The review has been delayed not only by fierce internal discussion but by the months-long debate over AfPak strategy, which put almost all other foreign-policy concerns on the back burner. Obama hadn't expected that, any more than he had expected the worst recession in 70 years. Foreign-policy-as-opportunity was eclipsed by foreign-policy-as-crisis-management, much as the Russian invasion of Afghanistan pushed Jimmy Carter's human rights policy to the sidelines. And then, of course, the whole subject was buried beneath the avalanche of health care. The AfPak debate feels almost as long ago as the Prague speech. As Peter Baker observed last week in the New York Times, the president has only glancingly referred to the decisive battle for Marja since it began almost six weeks ago.
Nothing, of course, is permanent in politics. I was foolish enough to write in the early fall of 2007 that voters weren't buying Obama's worldview; a year later, they elected him president. Obama has just gained a momentous and cathartic victory on health care; it's impossible to predict today how much additional political space, if any, will open up as a result. Joblessness, of course, remains extremely high by historic standards.
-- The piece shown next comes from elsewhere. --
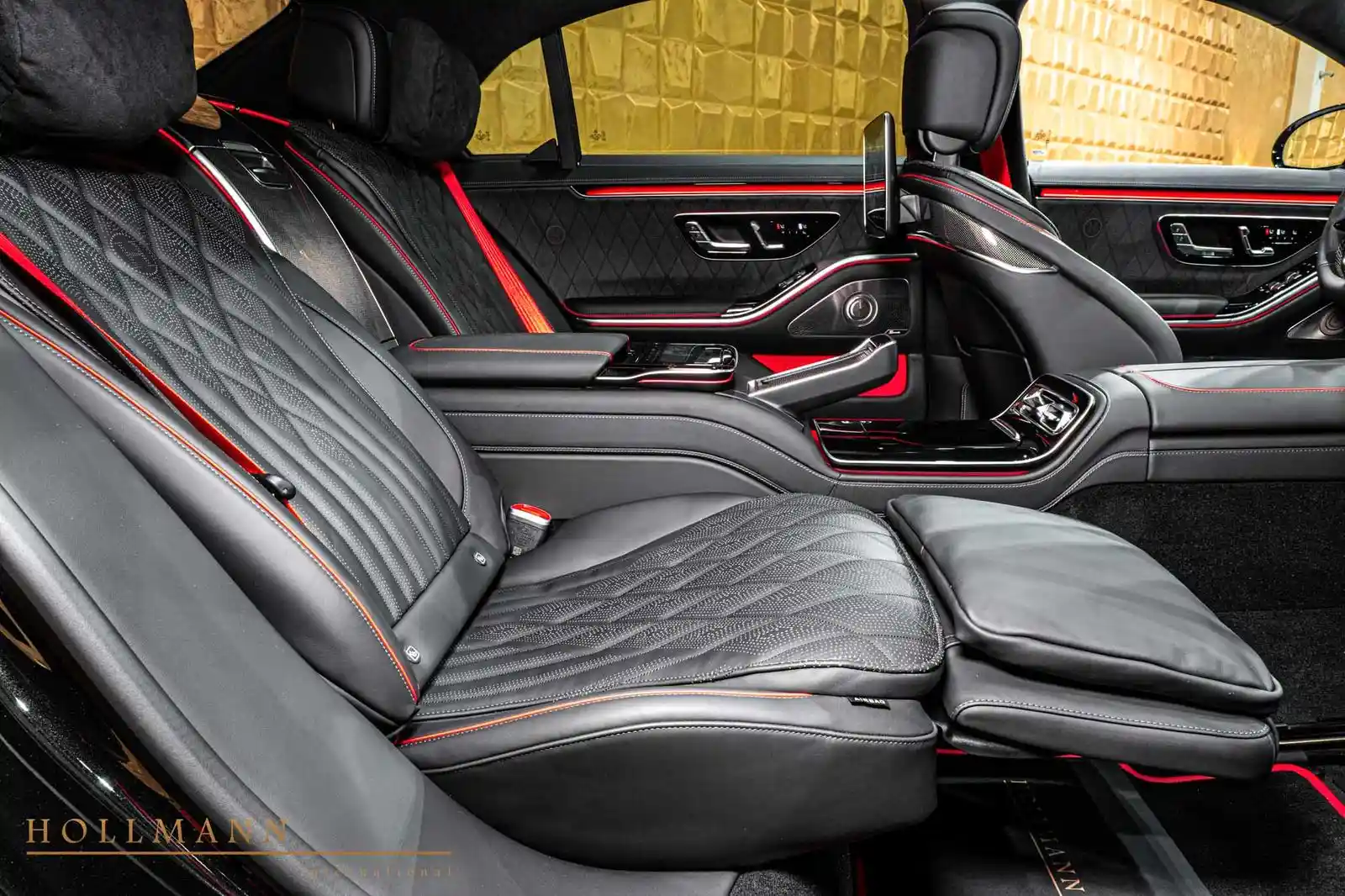 Mercedes-Benz S 63 AMG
Unless and until it subsides, foreign affairs will matter even less than usual (unless something terrible happens), and Obama and his team will be torn between making good on the transformative vision of the campaign and accommodating the dour and negative public mood, which right now seems to be relentlessly bearing the Democrats toward a 1994-style Waterloo in the midterm elections.
Perhaps the nuclear review will offer some guidance to the president's inclinations. During the 2008 primary campaign, no single issue more powerfully illustrated the difference between Obama's promise of decisive change and Hillary Clinton's cautious incrementalism than his repeated vow to eliminate nuclear weapons, to discard the old paradigm of deterrence in favor of a genuine commitment to nonproliferation. Traditional, battle-scarred Democrats -- like Clinton -- typically avoid calling for the elimination of nuclear weapons for fear of being branded soft on defense. Obama, however, insisted that U.S. national security requires discarding the hard line in favor of the soft.
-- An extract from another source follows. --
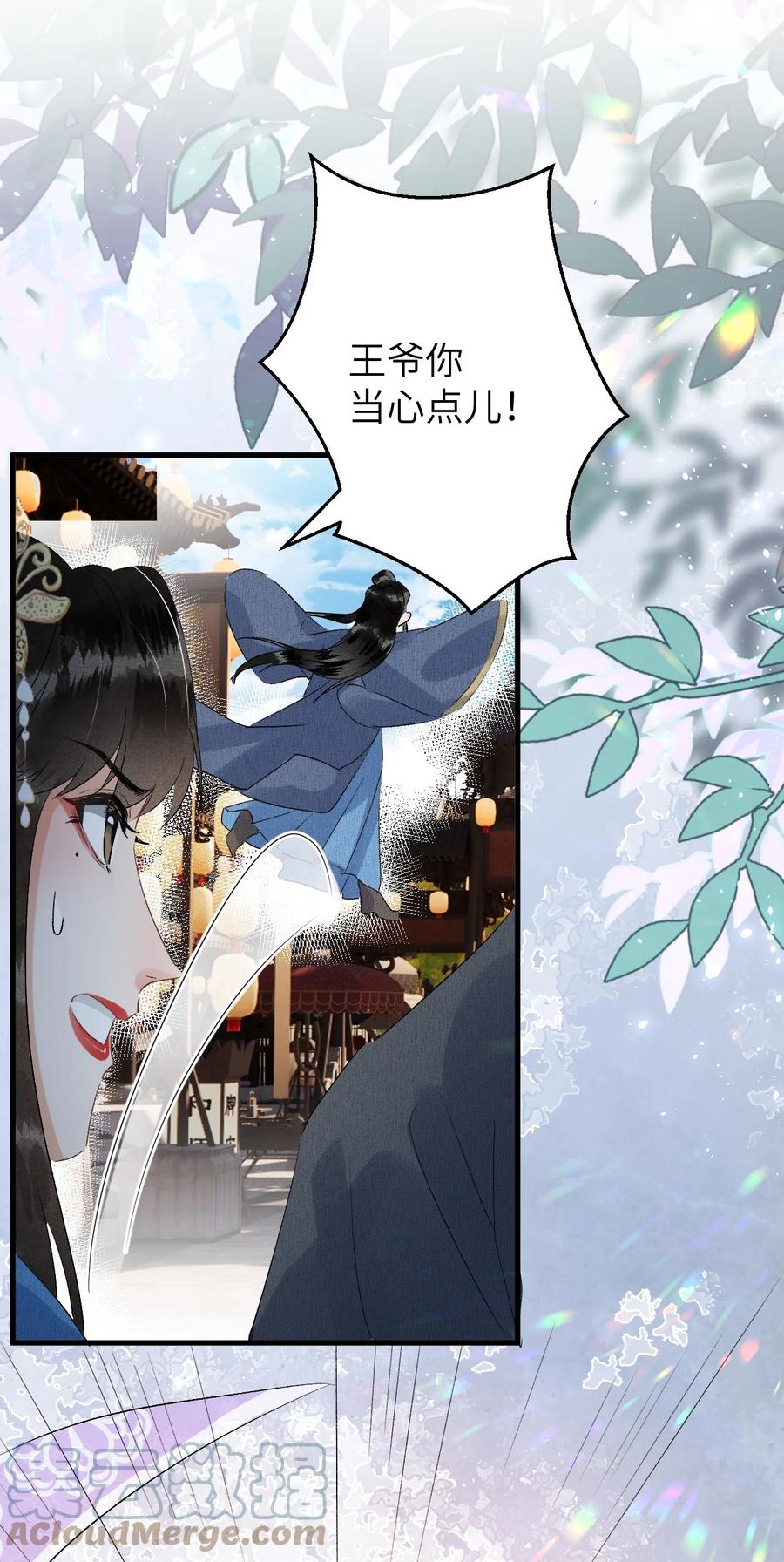 《这个王妃性别男》031 王妃是个高危职业 第13页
And now? Obama has already made a large gesture to mollify Republicans, senior military officers, and the nuclear labs by budgeting a 13 percent increase for U.S. nuclear infrastructure at a time when other agencies are being flatlined. His senior officials have ruled against almost all changes in policy -- such as a pledge of "no first use" of nukes -- which might be criticized as too soft. What remains of the Prague vision is the promise to delegitimize nuclear weapons by sharply restricting the scenarios in which they could be used, and to make a down payment on the goal of eliminating such weapons by driving toward much deeper cuts than are envisioned by the current talks with Russia.
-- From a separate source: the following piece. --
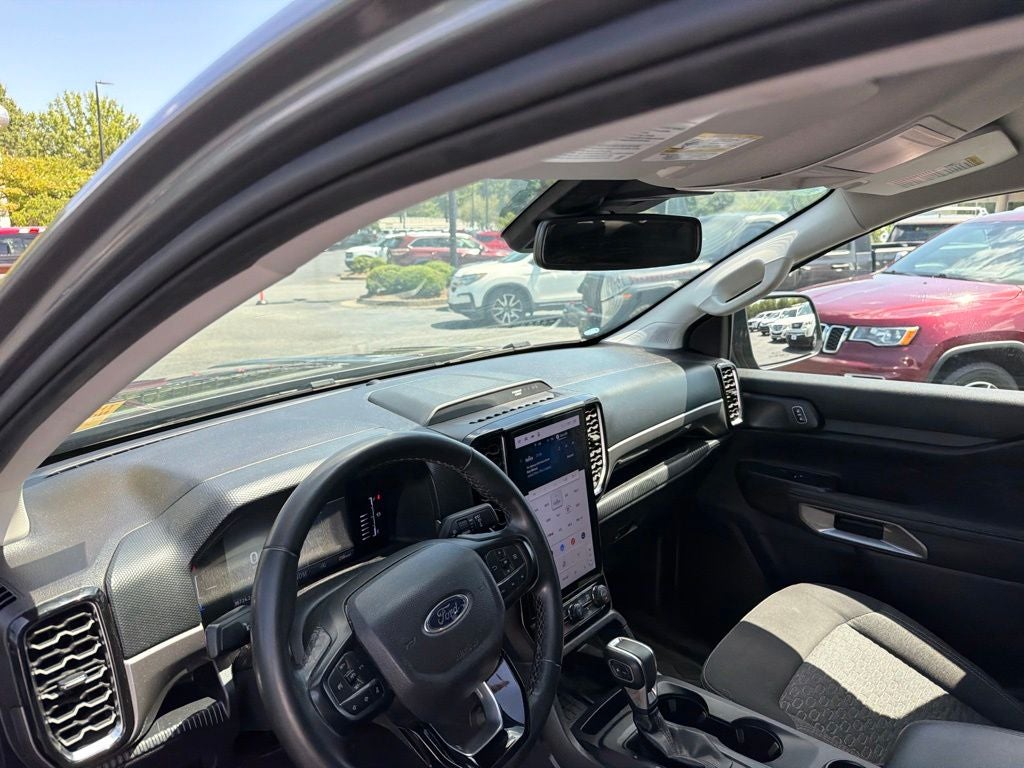 2024 Ford Ranger XLT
If these vows, solemnly undertaken and often repeated, are grossly compromised or reduced to high-flown twaddle, we will know that Obama has accepted an era of reduced expectations. That would be the politically prudent choice. But Obama kept selling his vision in 2007 even when polls and short-sighted journalists suggested he was foolhardy to do so. He didn't take the prudent path on health care, and yet emerged the winner. He is a pragmatist; but he's no cynic. Perhaps, even in the face of public apathy and Tea Party hostility, he'll make good on his promise to restore American leadership.